According to Bob Higgs we may as well call the so-called stimulus bill “swimming-pool economics.” It’s based on the idea that if you take water from the deep end and pour it into the shallow end, the water level will rise.
Over the next few years, the February 4 report of the Congressional Budget Office (CBO) assures us, the stimulus is all sunshine and lollipops. The CBO concedes that by 2019 the stimulus will have depressed GDP by somewhere between 0.1 and 0.3 percent, but almost no Washington politician has a time horizon that long. (And even if those arbitrary figures were correct, they reflect only the palest shadow of the real consequences of the stimulus, as I explain in my new book Meltdown.)
The Keynesian idea behind the so-called stimulus is that prosperity can be restored if the government is allowed to seize enough resources from the private sector and spend them on just about anything.
Well, to be fair, not quite anything: according to Section 1109 of the bill, “None of the funds appropriated or otherwise made available in this Act may be used for any casino or other gaming establishment, aquarium, zoo, golf course, or swimming pool.”

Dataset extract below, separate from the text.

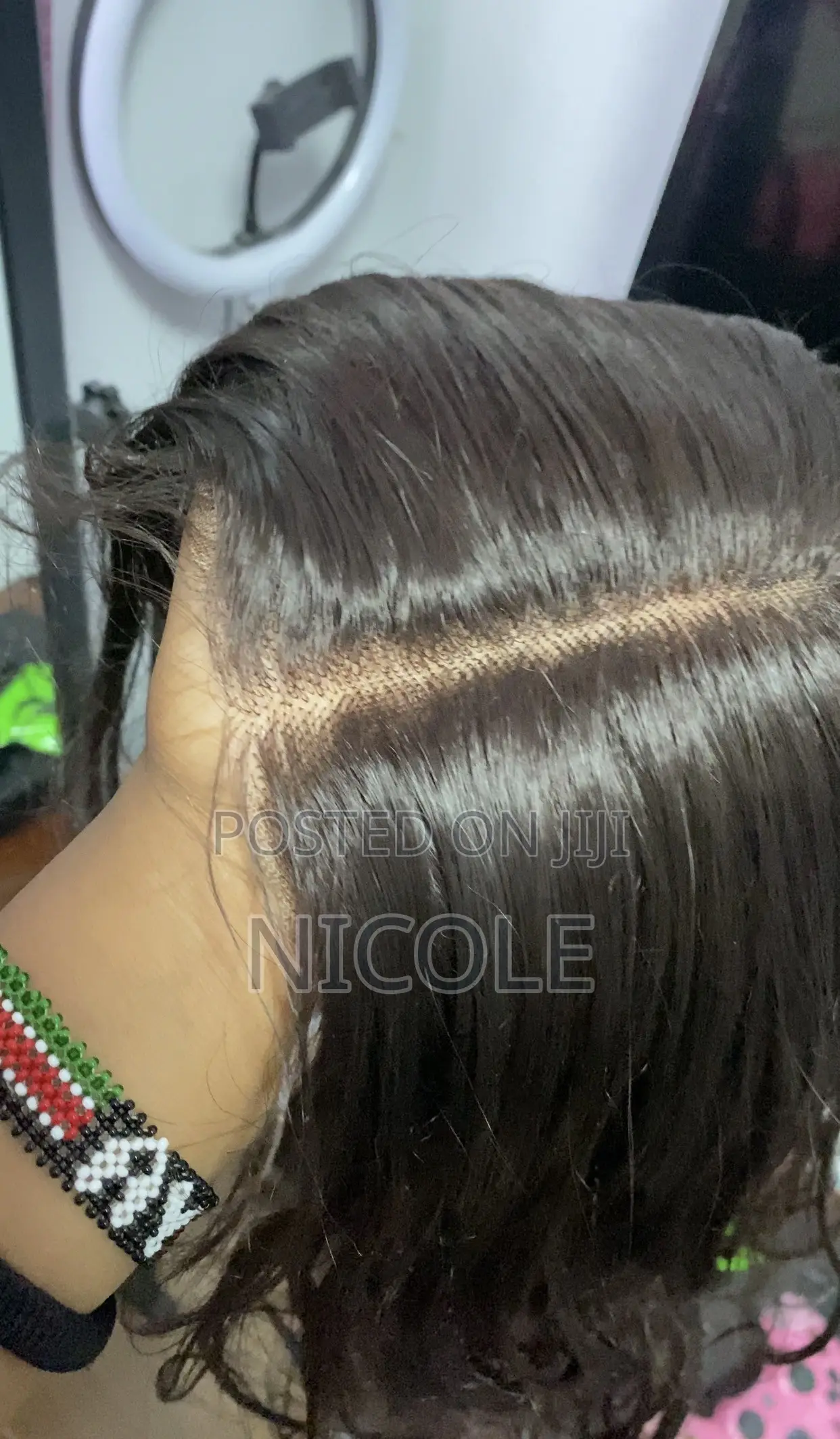Latisha Dupe T-Part Lace Wig, Pre-Plucked , Lace Pre-Styled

The CBO provides us with the usual arbitrary estimates of the number of jobs the stimulus will create: between 1.3 million and 3.9 million. Wherever they pulled those figures from (and I have my suspicions), what kind of jobs are these? Are they jobs the economy would have produced in response to genuine consumer demand, or are they jobs the economy would have to be, um, “stimulated” into creating? If “creating jobs” is all we want, we should hand out teaspoons and tell people to start digging trenches. Government, since it acts in isolation from the market, can’t possibly know what kind of jobs actually yield value rather than simply squandering resources and wealth.
Section 3(a)(4) of the stimulus bill describes one of its goals as stabilizing “state and local government budgets, in order to minimize and avoid reductions in essential services and counterproductive state and local tax increases.” Isn’t that nice? Instead of having to raise taxes or (perish the thought!) cut spending, the states can simply get free money! Why didn’t we think of this before?
Now if you’re a saboteur who hates America, which is how President Obama characterizes critics of the stimulus, you might be inclined to ask where the tooth fairy is getting the money she’s giving to the states. Naturally, the CBO will not be detained by such trivialities, assuring us instead that the free money that apparently comes from nowhere will mean the states won’t have to raise taxes (as much) or cut back on “services.”
Well, that’s a relief. While everyone else learns to get by with less, and many people genuinely suffer, it sure is good to know that the wise public servants who staff our state governments will be able to carry on as before.
The CBO is likewise delighted to report on how much the stimulus will increase personal spending, which in turn will have “a significant impact on GDP by early 2010.” But leaving all the modern superstitions aside, “spending” per se is not the solution. Our problems were caused by too much spending, and the accumulation of more debt than people could manage. How can the solution to our problems be the same thing that caused the problems in the first place?
The Fed-induced housing bubble made people think they were wealthier than they really were. Why bother to save when home equity makes it seem so unnecessary? The result is what CPA Karen De Coster calls the “two-thousandaire”: the couple with the fancy house, fancy cars, exotic vacations, and $2000 in the bank. Reality was going to set in for people like this someday. Today is someday. They cannot spend their way out of their foolish decisions, and it’s even more foolish for the government to urge them to try.
In other words, people on the eve of the bust were spending too much. But the CBO cheers on the stimulus for vainly trying to keep the unsustainable spending spree going. The economy’s structure of production needs to readjust itself in light of how much poorer people now realize themselves to be. Cold Stone Creamery, which is now in serious trouble, is a good example: a business model that expects people to pay $6 for an ice cream cone isn’t going to survive the new and sensible priorities that the free market is urging households to adopt.
The stimulus-mongers, on the other hand, now with support from the CBO, intend to do whatever they can to prevent this healthy adjustment from occurring, and to try to inject life into the corpse of the bubble economy. Every time they do so, they only postpone the economy’s inevitable adjustment to reality, and in the meanwhile keep alive zombie companies that compete for resources with genuinely sound and profitable companies. As usual, the productive wind up having to support the failures.
In 1920-21, the United States endured a depression whose first year was worse than the first year of the Great Depression. What got us out of it? Inflation by the Fed? Wasn’t tried. Fiscal “stimulus”? That’s a laugh — the federal government actually cut its budget.
No, what solved the problem was the free market itself, which was by and large left alone to clean out all the malinvestments and reallocate capital sensibly. Before long, the United States was back to setting production records once again.
We won’t be so lucky this time. Our central planners will make sure of that.